[Stored items from a collection]
------------------------
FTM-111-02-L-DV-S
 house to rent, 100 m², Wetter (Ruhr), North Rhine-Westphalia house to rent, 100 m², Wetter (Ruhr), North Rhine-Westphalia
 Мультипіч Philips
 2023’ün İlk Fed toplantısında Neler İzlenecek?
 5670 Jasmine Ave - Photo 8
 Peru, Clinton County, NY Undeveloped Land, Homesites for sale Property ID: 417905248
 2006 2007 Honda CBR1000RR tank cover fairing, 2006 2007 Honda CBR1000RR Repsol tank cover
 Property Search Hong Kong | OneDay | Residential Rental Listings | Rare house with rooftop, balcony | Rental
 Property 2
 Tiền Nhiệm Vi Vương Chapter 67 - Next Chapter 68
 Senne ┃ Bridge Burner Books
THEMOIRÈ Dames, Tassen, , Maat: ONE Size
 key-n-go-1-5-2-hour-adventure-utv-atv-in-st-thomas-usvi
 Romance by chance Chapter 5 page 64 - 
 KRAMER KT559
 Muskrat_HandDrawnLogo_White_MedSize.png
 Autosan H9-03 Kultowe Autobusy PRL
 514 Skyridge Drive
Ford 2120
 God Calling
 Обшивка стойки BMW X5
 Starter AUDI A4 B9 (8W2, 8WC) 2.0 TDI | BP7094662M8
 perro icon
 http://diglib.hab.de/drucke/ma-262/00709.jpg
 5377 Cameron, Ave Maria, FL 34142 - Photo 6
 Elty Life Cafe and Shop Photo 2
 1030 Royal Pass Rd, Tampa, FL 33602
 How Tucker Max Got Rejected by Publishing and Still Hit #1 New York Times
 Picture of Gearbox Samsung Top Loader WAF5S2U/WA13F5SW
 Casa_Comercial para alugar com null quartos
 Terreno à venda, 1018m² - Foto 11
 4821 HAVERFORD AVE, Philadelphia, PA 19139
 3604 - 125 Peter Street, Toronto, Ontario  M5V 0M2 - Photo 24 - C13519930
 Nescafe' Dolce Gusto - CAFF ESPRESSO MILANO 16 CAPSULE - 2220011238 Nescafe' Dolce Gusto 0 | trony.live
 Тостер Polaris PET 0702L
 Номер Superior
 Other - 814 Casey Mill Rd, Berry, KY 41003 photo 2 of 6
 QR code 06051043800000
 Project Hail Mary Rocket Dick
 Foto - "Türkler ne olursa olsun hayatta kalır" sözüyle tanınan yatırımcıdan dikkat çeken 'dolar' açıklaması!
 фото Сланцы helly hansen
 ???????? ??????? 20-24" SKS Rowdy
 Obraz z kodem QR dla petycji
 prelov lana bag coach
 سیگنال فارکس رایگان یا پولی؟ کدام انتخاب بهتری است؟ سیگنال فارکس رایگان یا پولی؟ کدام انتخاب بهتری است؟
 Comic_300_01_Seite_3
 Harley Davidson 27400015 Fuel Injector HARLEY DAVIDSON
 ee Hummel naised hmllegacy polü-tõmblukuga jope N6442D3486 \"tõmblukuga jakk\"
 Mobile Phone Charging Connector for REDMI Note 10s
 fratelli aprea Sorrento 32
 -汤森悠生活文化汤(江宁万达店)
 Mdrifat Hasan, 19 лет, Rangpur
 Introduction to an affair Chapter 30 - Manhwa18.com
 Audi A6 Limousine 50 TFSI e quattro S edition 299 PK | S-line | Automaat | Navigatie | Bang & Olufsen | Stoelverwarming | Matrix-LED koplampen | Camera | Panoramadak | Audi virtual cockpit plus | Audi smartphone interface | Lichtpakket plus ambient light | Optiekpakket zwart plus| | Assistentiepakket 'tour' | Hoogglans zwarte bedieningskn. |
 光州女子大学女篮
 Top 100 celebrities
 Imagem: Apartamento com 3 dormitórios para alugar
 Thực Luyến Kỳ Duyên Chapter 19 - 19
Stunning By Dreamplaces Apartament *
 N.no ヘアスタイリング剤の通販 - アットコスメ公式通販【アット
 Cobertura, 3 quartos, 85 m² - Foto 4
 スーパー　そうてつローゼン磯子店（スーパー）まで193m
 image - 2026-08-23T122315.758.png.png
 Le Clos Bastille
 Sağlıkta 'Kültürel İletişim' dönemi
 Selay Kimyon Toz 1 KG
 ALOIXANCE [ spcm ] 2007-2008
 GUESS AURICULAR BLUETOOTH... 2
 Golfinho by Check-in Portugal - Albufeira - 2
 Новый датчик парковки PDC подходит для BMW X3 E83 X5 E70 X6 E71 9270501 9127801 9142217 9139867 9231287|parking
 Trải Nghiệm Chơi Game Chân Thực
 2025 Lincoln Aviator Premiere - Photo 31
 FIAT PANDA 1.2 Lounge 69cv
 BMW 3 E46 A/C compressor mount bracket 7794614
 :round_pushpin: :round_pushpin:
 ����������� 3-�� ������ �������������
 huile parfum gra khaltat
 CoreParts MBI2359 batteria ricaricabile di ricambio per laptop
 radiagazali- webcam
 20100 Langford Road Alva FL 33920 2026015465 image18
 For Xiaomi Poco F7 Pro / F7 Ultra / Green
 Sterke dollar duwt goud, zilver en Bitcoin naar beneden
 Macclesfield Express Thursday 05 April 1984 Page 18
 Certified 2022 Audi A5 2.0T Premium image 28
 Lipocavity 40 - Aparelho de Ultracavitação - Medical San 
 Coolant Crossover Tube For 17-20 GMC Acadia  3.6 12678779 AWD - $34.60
------------------------
Task prompt: Every record above is to be copied exactly.

Answer box:
FTM-111-02-L-DV-S
 house to rent, 100 m², Wetter (Ruhr), North Rhine-Westphalia house to rent, 100 m², Wetter (Ruhr), North Rhine-Westphalia
 Мультипіч Philips
 2023’ün İlk Fed toplantısında Neler İzlenecek?
 5670 Jasmine Ave - Photo 8
 Peru, Clinton County, NY Undeveloped Land, Homesites for sale Property ID: 417905248
 2006 2007 Honda CBR1000RR tank cover fairing, 2006 2007 Honda CBR1000RR Repsol tank cover
 Property Search Hong Kong | OneDay | Residential Rental Listings | Rare house with rooftop, balcony | Rental
 Property 2
 Tiền Nhiệm Vi Vương Chapter 67 - Next Chapter 68
 Senne ┃ Bridge Burner Books
THEMOIRÈ Dames, Tassen, , Maat: ONE Size
 key-n-go-1-5-2-hour-adventure-utv-atv-in-st-thomas-usvi
 Romance by chance Chapter 5 page 64 - 
 KRAMER KT559
 Muskrat_HandDrawnLogo_White_MedSize.png
 Autosan H9-03 Kultowe Autobusy PRL
 514 Skyridge Drive
Ford 2120
 God Calling
 Обшивка стойки BMW X5
 Starter AUDI A4 B9 (8W2, 8WC) 2.0 TDI | BP7094662M8
 perro icon
 http://diglib.hab.de/drucke/ma-262/00709.jpg
 5377 Cameron, Ave Maria, FL 34142 - Photo 6
 Elty Life Cafe and Shop Photo 2
 1030 Royal Pass Rd, Tampa, FL 33602
 How Tucker Max Got Rejected by Publishing and Still Hit #1 New York Times
 Picture of Gearbox Samsung Top Loader WAF5S2U/WA13F5SW
 Casa_Comercial para alugar com null quartos
 Terreno à venda, 1018m² - Foto 11
 4821 HAVERFORD AVE, Philadelphia, PA 19139
 3604 - 125 Peter Street, Toronto, Ontario  M5V 0M2 - Photo 24 - C13519930
 Nescafe' Dolce Gusto - CAFF ESPRESSO MILANO 16 CAPSULE - 2220011238 Nescafe' Dolce Gusto 0 | trony.live
 Тостер Polaris PET 0702L
 Номер Superior
 Other - 814 Casey Mill Rd, Berry, KY 41003 photo 2 of 6
 QR code 06051043800000
 Project Hail Mary Rocket Dick
 Foto - "Türkler ne olursa olsun hayatta kalır" sözüyle tanınan yatırımcıdan dikkat çeken 'dolar' açıklaması!
 фото Сланцы helly hansen
 ???????? ??????? 20-24" SKS Rowdy
 Obraz z kodem QR dla petycji
 prelov lana bag coach
 سیگنال فارکس رایگان یا پولی؟ کدام انتخاب بهتری است؟ سیگنال فارکس رایگان یا پولی؟ کدام انتخاب بهتری است؟
 Comic_300_01_Seite_3
 Harley Davidson 27400015 Fuel Injector HARLEY DAVIDSON
 ee Hummel naised hmllegacy polü-tõmblukuga jope N6442D3486 \"tõmblukuga jakk\"
 Mobile Phone Charging Connector for REDMI Note 10s
 fratelli aprea Sorrento 32
 -汤森悠生活文化汤(江宁万达店)
 Mdrifat Hasan, 19 лет, Rangpur
 Introduction to an affair Chapter 30 - Manhwa18.com
 Audi A6 Limousine 50 TFSI e quattro S edition 299 PK | S-line | Automaat | Navigatie | Bang & Olufsen | Stoelverwarming | Matrix-LED koplampen | Camera | Panoramadak | Audi virtual cockpit plus | Audi smartphone interface | Lichtpakket plus ambient light | Optiekpakket zwart plus| | Assistentiepakket 'tour' | Hoogglans zwarte bedieningskn. |
 光州女子大学女篮
 Top 100 celebrities
 Imagem: Apartamento com 3 dormitórios para alugar
 Thực Luyến Kỳ Duyên Chapter 19 - 19
Stunning By Dreamplaces Apartament *
 N.no ヘアスタイリング剤の通販 - アットコスメ公式通販【アット
 Cobertura, 3 quartos, 85 m² - Foto 4
 スーパー　そうてつローゼン磯子店（スーパー）まで193m
 image - 2026-08-23T122315.758.png.png
 Le Clos Bastille
 Sağlıkta 'Kültürel İletişim' dönemi
 Selay Kimyon Toz 1 KG
 ALOIXANCE [ spcm ] 2007-2008
 GUESS AURICULAR BLUETOOTH... 2
 Golfinho by Check-in Portugal - Albufeira - 2
 Новый датчик парковки PDC подходит для BMW X3 E83 X5 E70 X6 E71 9270501 9127801 9142217 9139867 9231287|parking
 Trải Nghiệm Chơi Game Chân Thực
 2025 Lincoln Aviator Premiere - Photo 31
 FIAT PANDA 1.2 Lounge 69cv
 BMW 3 E46 A/C compressor mount bracket 7794614
 :round_pushpin: :round_pushpin:
 ����������� 3-�� ������ �������������
 huile parfum gra khaltat
 CoreParts MBI2359 batteria ricaricabile di ricambio per laptop
 radiagazali- webcam
 20100 Langford Road Alva FL 33920 2026015465 image18
 For Xiaomi Poco F7 Pro / F7 Ultra / Green
 Sterke dollar duwt goud, zilver en Bitcoin naar beneden
 Macclesfield Express Thursday 05 April 1984 Page 18
 Certified 2022 Audi A5 2.0T Premium image 28
 Lipocavity 40 - Aparelho de Ultracavitação - Medical San 
 Coolant Crossover Tube For 17-20 GMC Acadia  3.6 12678779 AWD - $34.60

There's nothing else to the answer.